Il Capo dello Stato è intervenuto, in occasione del ponte delle festività pasquali, dalla parrocchia di San Giovanni Medua, strategica località marittima della regione settentrionale del Paese delle Aquile, per un intenso e partecipato momento di dialogo con la cittadinanza e con la comunità dei fedeli
(Fonte: agenzia Ata) “Mi congratulo con con i fedeli cattolici ed evangelici per le festività in corso, che hanno celebrato la Resurrezione di Cristo. La fede rappresenta il trionfo del bene sul male, della sofferenza sull’ingiustizia, dell’amore sulla barbarie delle tenebre”. Lo ha ribadito il Presidente della Repubblica Bajram Begaj visitando la Chiesa di San Giovanni Medua, dove è stato ricevuto da Don Angjelin Krygja, dai fedeli e dalle autorità civili del Comune di Lezha: a tutti loro, l’onorevole Begaj ha espresso “gratitudine per il ruolo svolto dalla comunità cattolica a favore dei valori nazionali e sociali. Qui, da Lezha, desidero trasmettere i miei più sinceri auguri di pace e di speranza facendo riferimento all’appello di Papa Leone, apparso sul balcone di Piazza San Pietro assieme al cardinale albanese Don Ernesto Troshani, testimonianza vivente del cattolicesimo albanese”.

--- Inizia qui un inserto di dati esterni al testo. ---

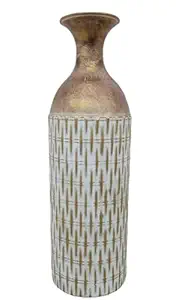 HOME ELEMENTS Modern Metal Big Vase for Living Room (44 cm) Floor Standing Vases for Long Flower Living Room Corner Hotel Bedroom Office Indoor Home Decoration Used for Fake & Real Plants (Vase Only)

“Il mio messaggio, pur non raggiungendo la stessa intensità di quello di Sua santità Leone – ha proseguito Begaj – si rivolge a tutti gli Albanesi che hanno celebrano queste sante giornate, le quali ci invitano a una profonda riflessione spirituale. Perché solo stando assieme ed essendo solidali, lavoreremo di più e meglio per migliorare le nostre vite e per avere più prosperità nelle nostre famiglie”.
“L’Albania – ha concluso l’onorevole Begaj – è un esempio di armonia religiosa, dove il rispetto reciproco è il fondamento per preservare la dignità e la convivenza, due valori di cui il mondo ha oggi assoluto bisogno e che speriamo di poter contribuire a promuovere nelle sedi dove abbiamo voce in capitolo”.